Alors, oui, comme dit le prophète Osée : « Il a blessé… il a frappé ». Il a frappé son Fils Jésus, qui exprimera la conscience claire qu’il a, dans sa Passion et sa mort sur la croix, non pas d’être le jouet aveugle d’un complot inique, mais d’accomplir librement la volonté de son Père : « Il faut que le Fils de l’homme souffre beaucoup » (Mc 8, 31). Autrement dit, Dieu utilise, si je puis dire, les peines qui nous frappent et nous blessent pour que nous en tirions des leçons de conversion et de purification : « Venez, retournons à Dieu ! », car le Seigneur veut la fidélité et non le sacrifice (cf. Os 6,6).

L’évangile du pharisien et du publicain nous éclairent sur l’attitude spirituelle que le Seigneur attend de nous, à l’heure de l’épreuve. Le Pharisien, c’est celui qui se campe dans l’auto-suffisance, qui s’auto-justifie : il trouve sa justice dans ce qu’il fait de bien pour Dieu, jusqu’à exiger de Lui qu’il se complaise dans ses œuvres et le récompense de ses mérites. C’est le fameux « néo-pélagianisme » que le Pape François a dénoncé dans son exhortation apostolique Gaudete et exsultate, sur l’appel à la sainteté dans le monde actuel : le néo-pélagien, c’est celui qui n’a pas besoin du secours de Dieu, qui se suffit à lui-même, qui s’appuie sur ses seules forces ou vertus humaines. La réalité des événements de notre vie est là pour nous démontrer l’erreur d’une telle attitude. Le publicain, au contraire, est celui qui reconnaît sa misère de pécheur et qui crie devant Dieu le besoin qu’il a de son aide et de son pardon. C’est l’attitude que le Seigneur attend de nous, dans les circonstances présentes.

Dans l’Office des lectures de ce matin, il y a le psaume 106 (numérotation latine utilisée dans la liturgie, 107 dans la Bible de Jérusalem) qui est d’une brûlante actualité ; il est une action de grâce à Dieu qui tire son peuple des crises qu’il traverse au cours de son histoire : « Dans leur angoisse, ils ont crié vers le Seigneur, et lui les a tirés de la détresse : il envoie sa parole, il les guérit, il arrache leur vie à la fosse.
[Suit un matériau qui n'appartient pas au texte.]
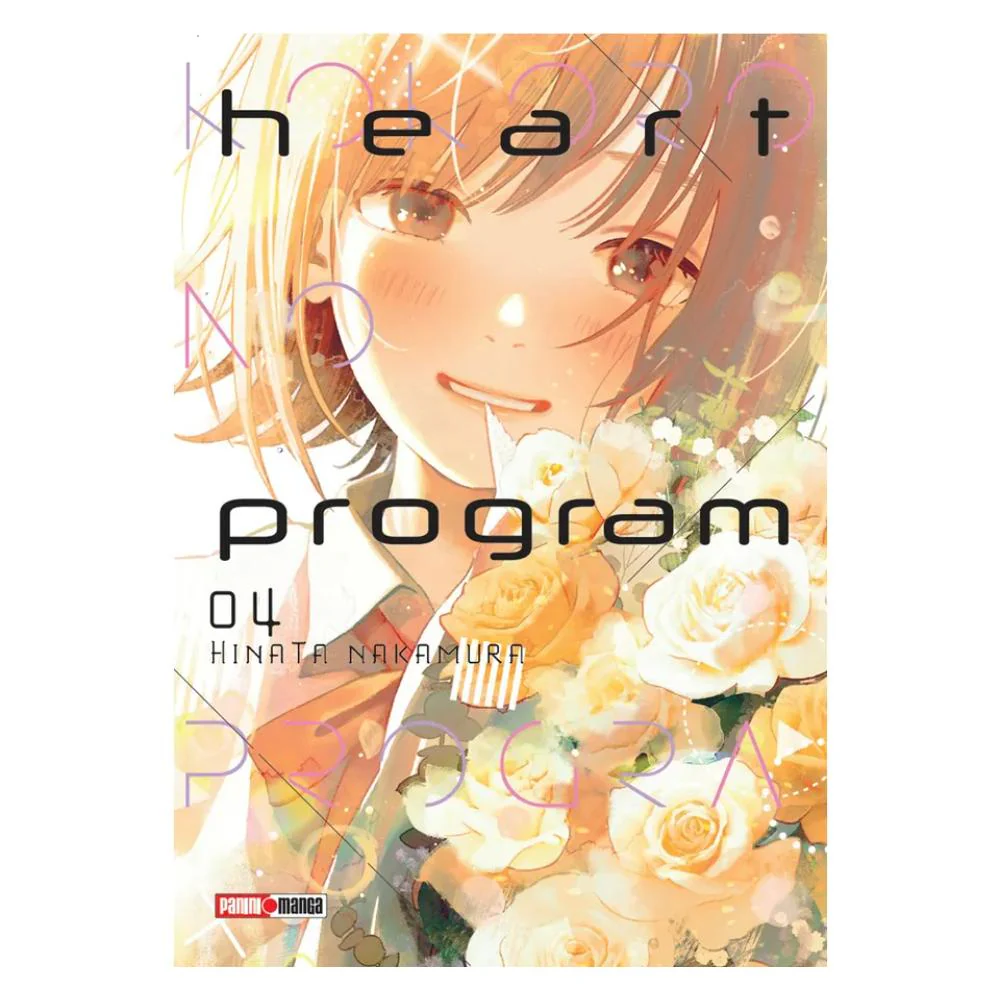 Heart Program N.04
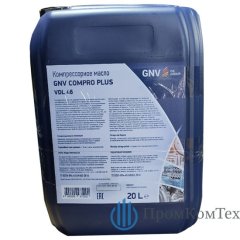 Компрессорное масло GNV Compro PLUS VDL 46 (20л) купить - ООО ПромКомТех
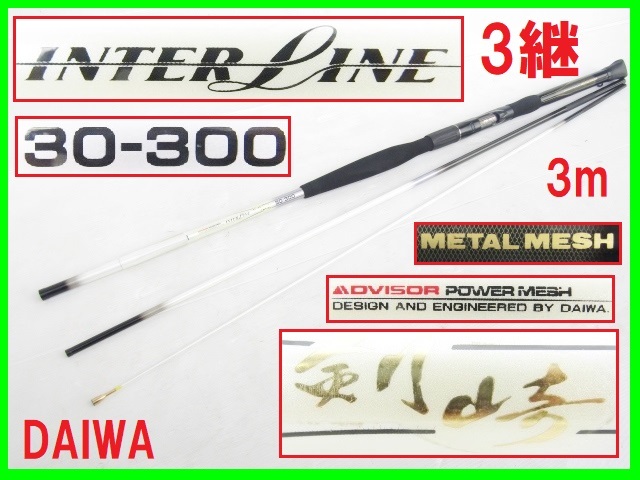 ダイワ IL インプレッサ 5-52遠投 インターライン 中通し竿 中古 ダイワ IL インプレッサ 5-52遠投 インターライン 中通し竿 中古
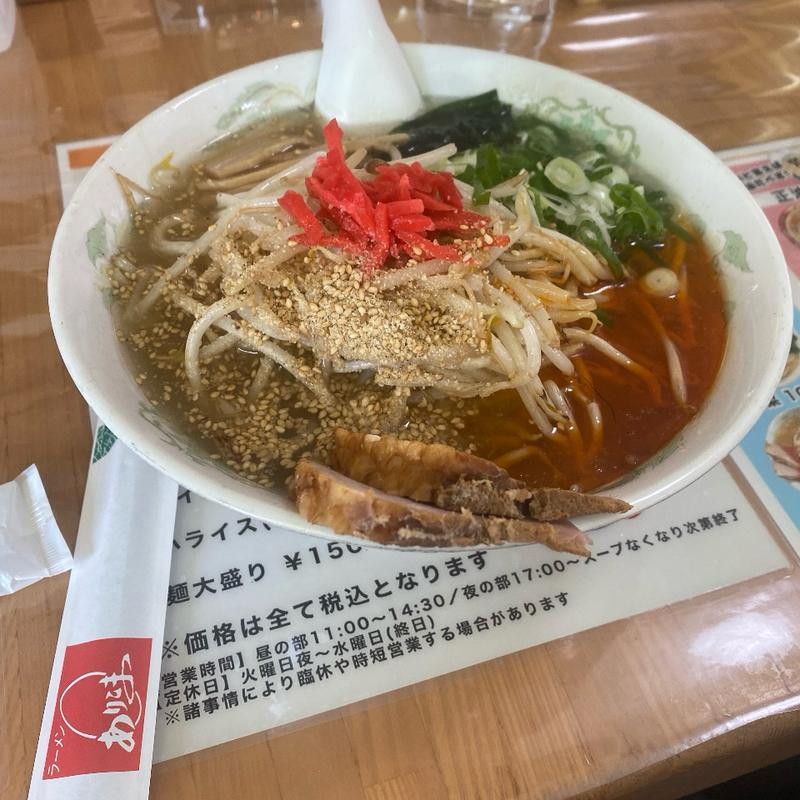 ありこまラーメン(味のありこま )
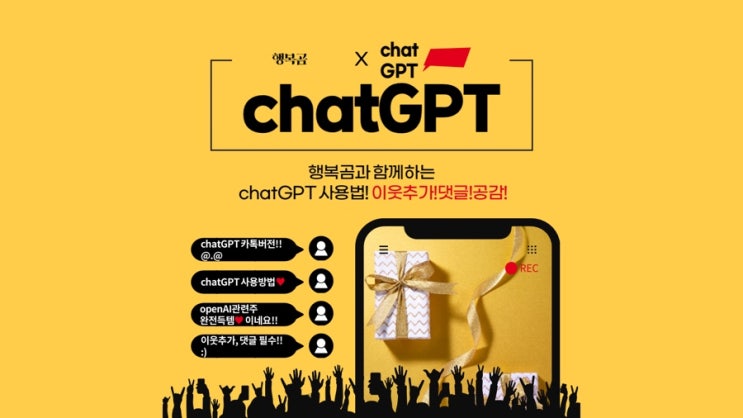  chatGPT 사용방법 카톡버전 출시, OpenAI관련주는 무엇일까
Qu’ils rendent grâce au Seigneur de son amour, de ses merveilles pour les hommes » (Ps 106, 19-21).

 

Puisse cette épreuve nous aider à retourner vers le Seigneur, à demander pardon pour nos péchés, à le supplier de nous porter secours. Alors nous « vivrons déjà du mystère de Pâques » (prière d’ouverture de cette messe), que le prophète Osée a salué de loin, quand il dit : « Après deux jours, il nous rendra la vie ; il nous relèvera le troisième jour : alors nous vivrons devant sa face » (Os 6, 2). En ce samedi, jour de la Vierge Marie, 5ème jour de notre neuvaine à l’Immaculée Conception, demandons-lui la grâce d’entrer dans cette attitude spirituelle de confiance et d’abandon.